One of my favorite things to do is to play with curriculum, so I was watching it to see what others had said. In fact, if I could go back and redo my Master's, I would choose Curriculum! As it is, I'm looking for a CAGS or half-master's program in it-haven't found one yet, but I'm looking!
Then I got to thinking (always dangerous! ;)-why don't I share how I map it out?
This is what works for me-something different may work for you. And if so, can I direct you to Teaching Maddeness (who is currently running a planning series!), Ashleigh's Education Journey, What I Have Learned, and Scholastic?
First, pick one topic to concentrate on. Don't try to do the whole year for every subject at the same time. Small steps. Small.
Then, gather all the materials you need. I'm going to show you how I did my ELA map (which I started last summer-so I did have some 'pre-planning' done). This summer I'm going to focus more on math,
Lay out your months, then divide them into weeks. For this, I used to bottom half of my morning message chart paper-it gave me more room to work.
Some suggestions for things you need:
Since I did all of ELA, I divided my paper into sections-for each of the sections I will teach
I first started with my Mentor Sentences. This gives me a mentor text, plus focuses on grammar skills.
Then, I moved onto grammar.
Last year, I reorganized the sequence for our series-putting the parts of speech into what I thought was a logical order, instead of skipping all around. I allotted about a month for each part of speech-knowing I wouldn't be able to cover it everyday, but it gave me a guide of how long it took.
After grammar, I hit up writing.
Using what I have learned (here, and here), plus some advice from a colleague (who's an excellent writing teacher) who recommended some books, I started to plan it out.
I'm definitely heavier on the description in the beginning of the year vs. the end of the year-there are more 'smaller projects' we need to do before we can do longer pieces. Plus, I want to make sure that they have the basics and are clear on the expectations before I move forward.
Then I moved onto the biggies-the CCSS I'll be covering, as well the other skills that come along with reading.
This is where my previous experience came into the most play.
I took what I did this year, and moved things around a little, using the experience, plotted out (to me) a logical sequence that builds upon one another.
This is also where I pulled in my basal.
*Tangent* Unless you are absolutely required to teach lesson A on day 1 and lesson B on day 2, I would highly recommend using your basal as a resource. You don't have to do everything they have in there! Pull out the best parts-and supplement the rest! You know your kids-and what works best.

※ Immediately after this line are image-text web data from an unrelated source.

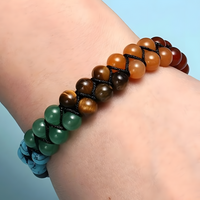 7 Chakra Healing Crystal Bracelet Women and Men Adjustable Yoga Meditation B112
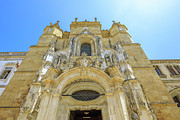 Santa Cruz Monastery facade #1 Photograph by Benny Marty Santa Cruz Monastery facade #1 Photograph by Benny Marty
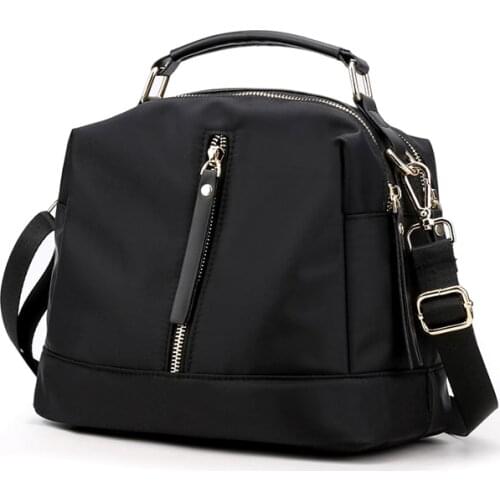 Womens shoulder bags 2021 small Handbag simple retro Messenger bag Waterproof Nylon Ladies Crossbody Bag Female Zipper Purse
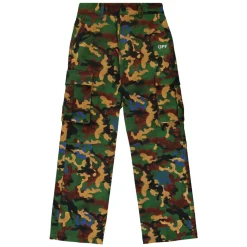 Off White Camouflage Cargo Broek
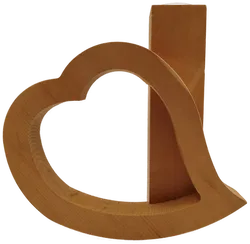 Herzförmiger Kerzenständer aus Holz - 23cm hoch - Bild 2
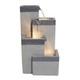 Tranquility Sunlit Brook Fountain Solar Power Garden Founatin Water Feature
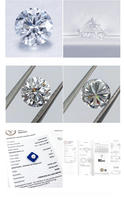 Ventas de fábrica 0,3-5 quilates VS VVS Excelentes diamantes blancos Corte redondo Diamante suelto Diamante cultivado en laboratorio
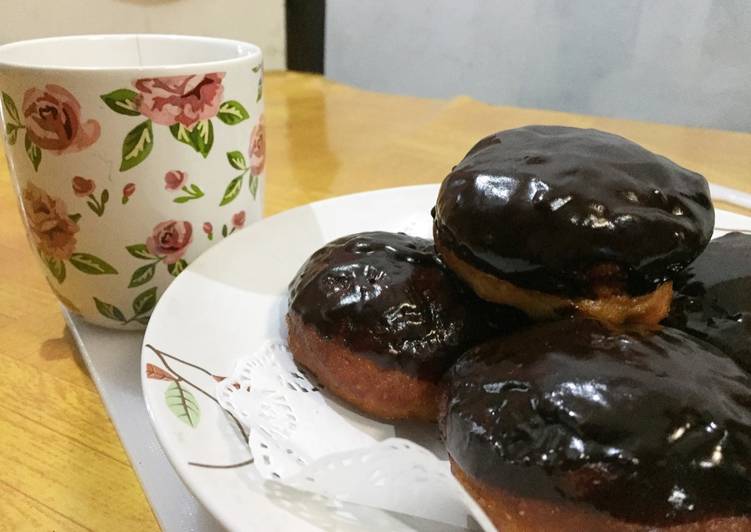 Donuts coklat #BikinRamadhanBerkesan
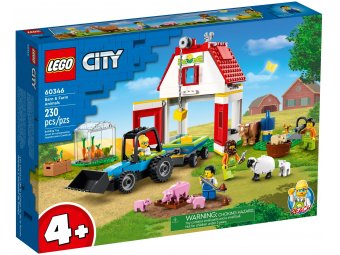 LEGO City Ферма и амбар с животными 60346 LEGO City Ферма и амбар с животными 60346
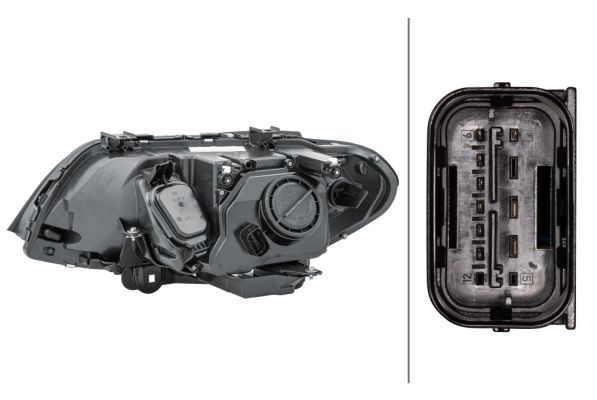 Hella Headlight Headlamp H10W Right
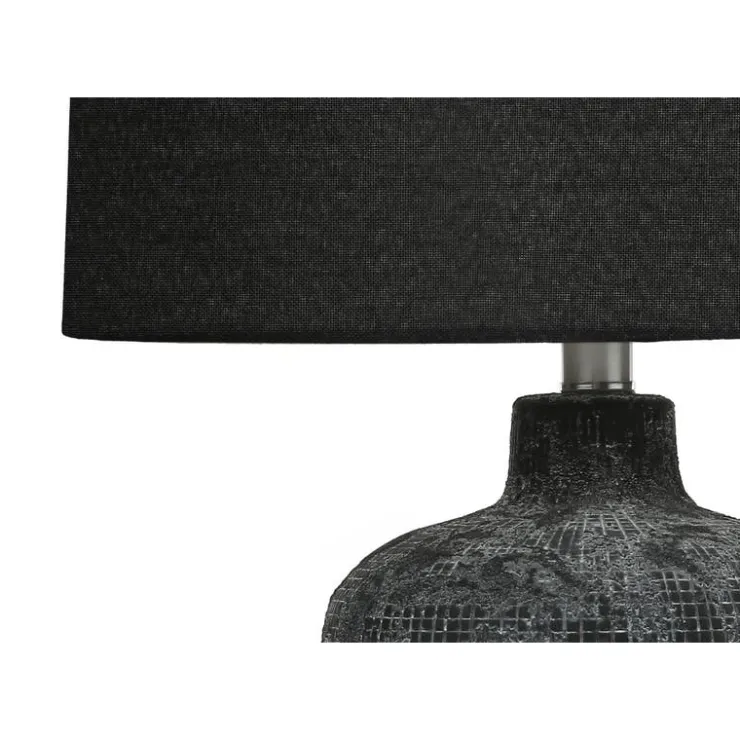 Monarch 24"H Ceramic Table Lamp Black Clearance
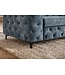 Invicta Interior Sofa MODERN BAROCK 235cm 3-zits fluweel petrol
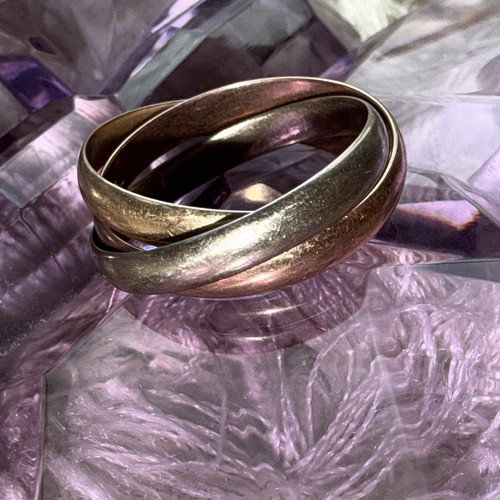 9ct gold trinity russian - 9ct,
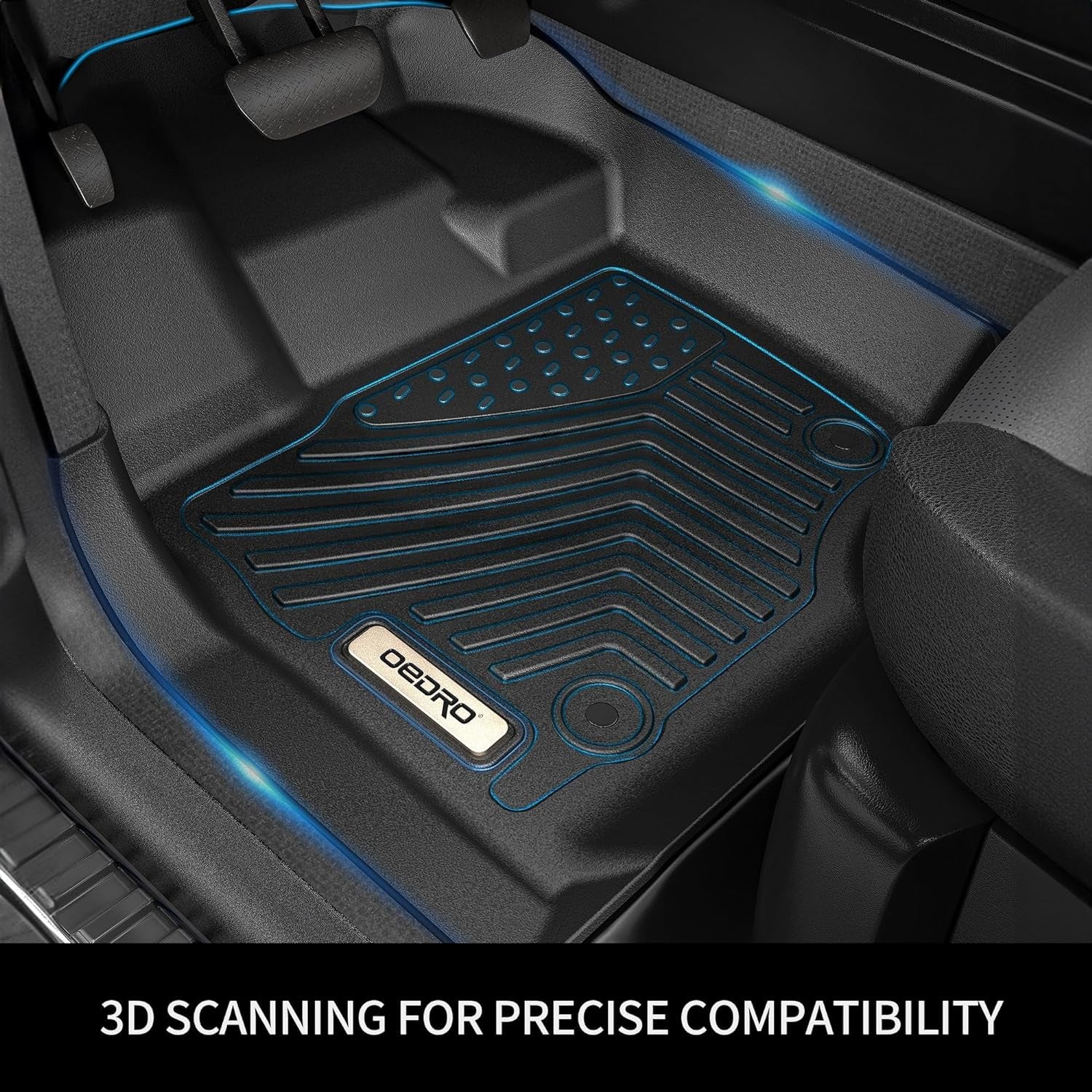 Carve Collective: All-Weather HD Floor Liners (Custom Fit) – For Honda Civic (2022-2026) / Acura Integra (2023-2025)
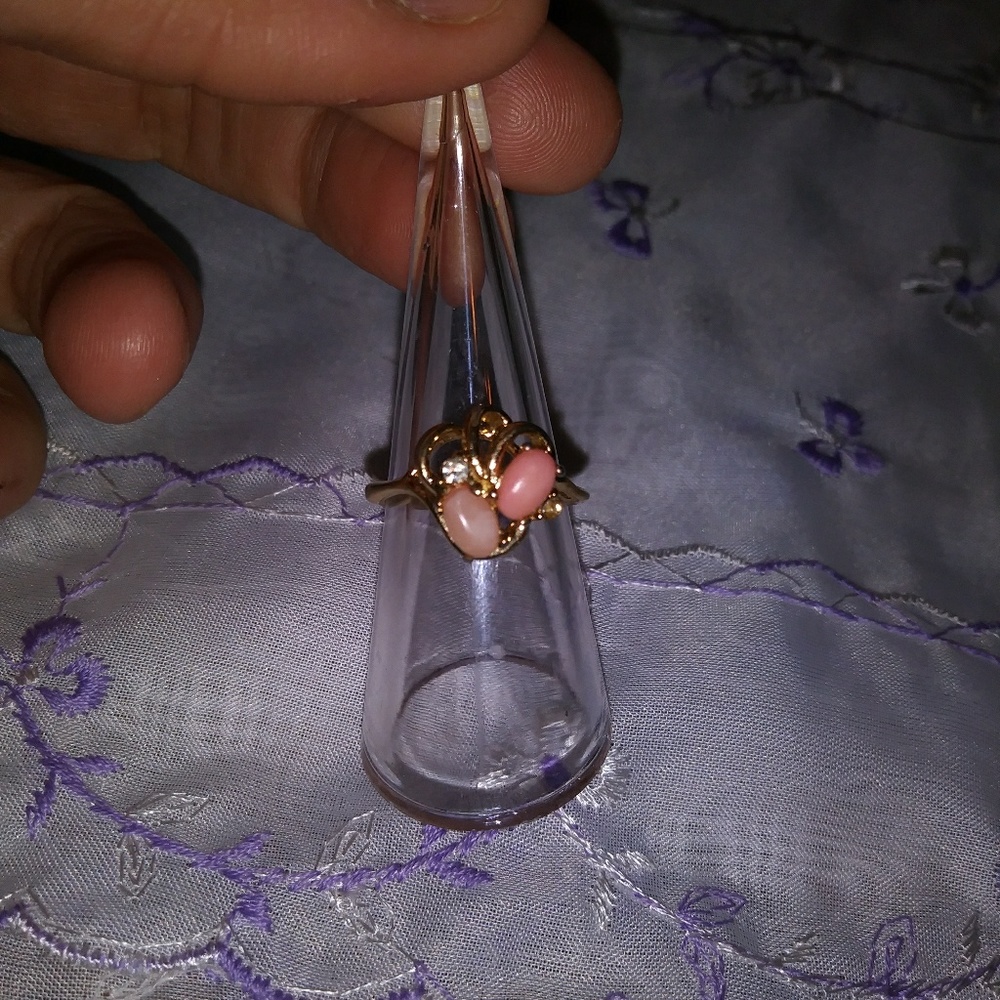 Gold plated ring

I pulled out the comprehension focus for each of the units, as well as one or two stories that 'fit' with the focus. Some of these comprehension skills are 'implied' in the common core, and they are still important to teach.
Then, I went back, and using a checklist of the CCSS, I checked off what I had already written down. (I did this on my iPad using an Evernote checklist during SBA testing-but paper and pencil work too! ;)
When I got towards the end, any standards left over went into the months of April, May and June. This way, I've made sure that I've covered all the standards by the end of the year.
My next step is to take my half charts and type them up. I'll print them out and have everything bound at Staples for $5-this way I have a easy, portable map that I can use to help me daily plan.